The fallout from the Centre of Excellence debacle was such that it was felt the Gold Coast community would not fully support the Titans until Searle was removed from the club completely, despite the fact that he had campaigned since the removal of the Chargers in 1998 for the Gold Coast to once again have a team to call their own.
"There wasn't a decision that he made in his whole time there that wasn't about what was good for the Gold Coast and what was good for rugby league in the area," Cartwright said of Searle.
"It's really sad for me that he's not still there and involved in a major way because the bottom line is if it wasn't for him it would have been the Central Coast that got accepted that year and the Gold Coast would probably be all AFL now or soccer.
"He was fighting the might of John Singleton and for all money it was going to be the Central Coast no matter what.
"He didn't get involved to make money out of it, it was all about rugby league and it was all about people taking the Gold Coast seriously.

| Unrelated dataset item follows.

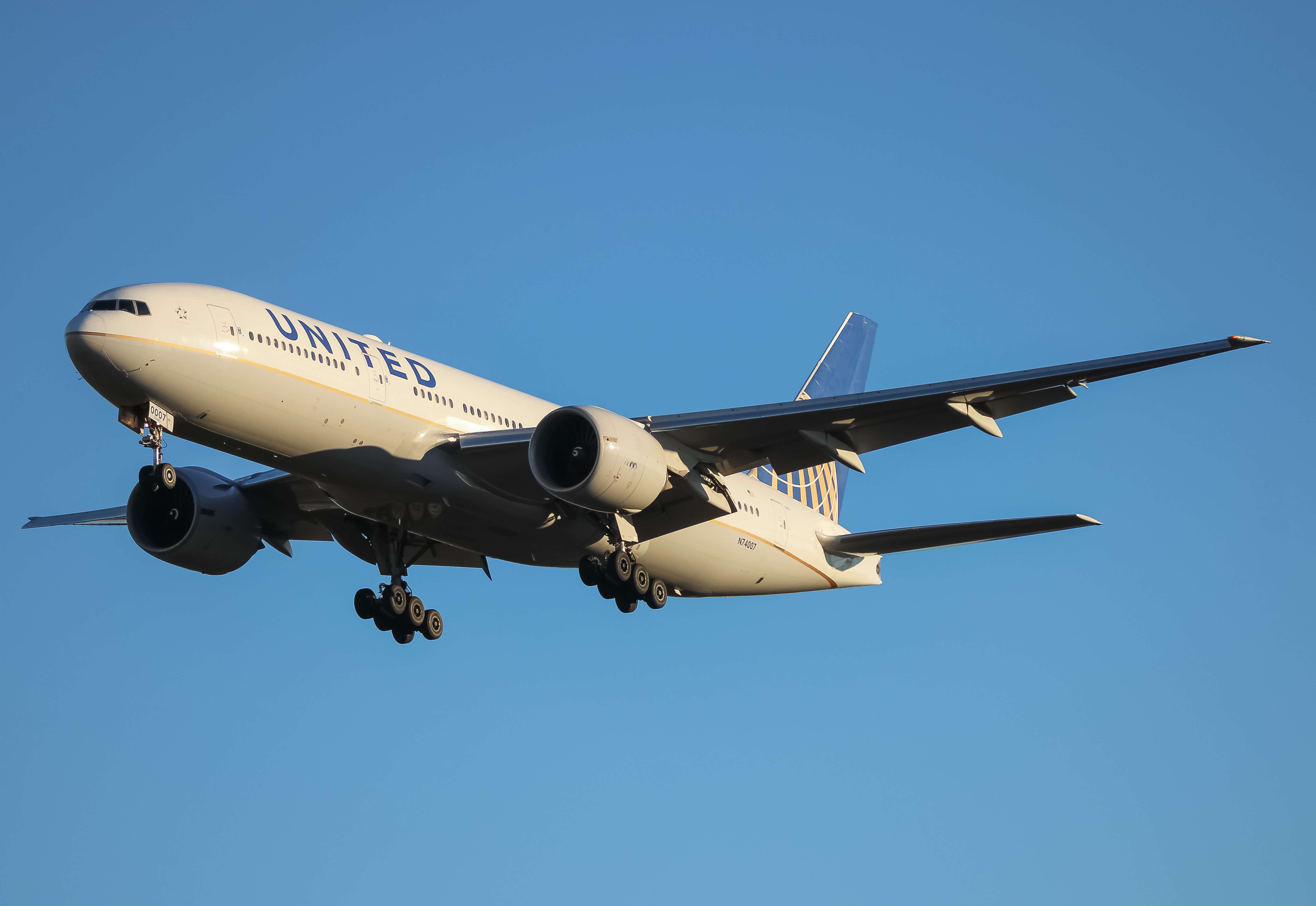 Full size: United Airlines Boeing 777-200ER N74007 at Washington Dulles International Airport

"I hope that's one thing that people take out of what has happened, that there wasn't a decision made that wasn't aimed to make the club successful and to keep an NRL team on the Coast."
As for his own demise, Cartwright says in hindsight he stayed on longer as head coach than he should have and that the way he exited after eight years in charge has left a sour taste that he has not yet been able to rid himself of.
"When I was asked to leave some things that were promised to me didn't eventuate so that's made it very difficult," said Cartwright, who after working as an assistant coach with the Cowboys during their premiership year in 2015 is in his second season as an assistant coach at Manly.
"I probably should have left a few years earlier when I had an opportunity to go but it was my friendship and loyalty to Mike that I stayed.
"Career-wise I had opportunities to leave and in hindsight I probably should have done that but I'm happy that I didn't.
"Loyalty and friendship are more important."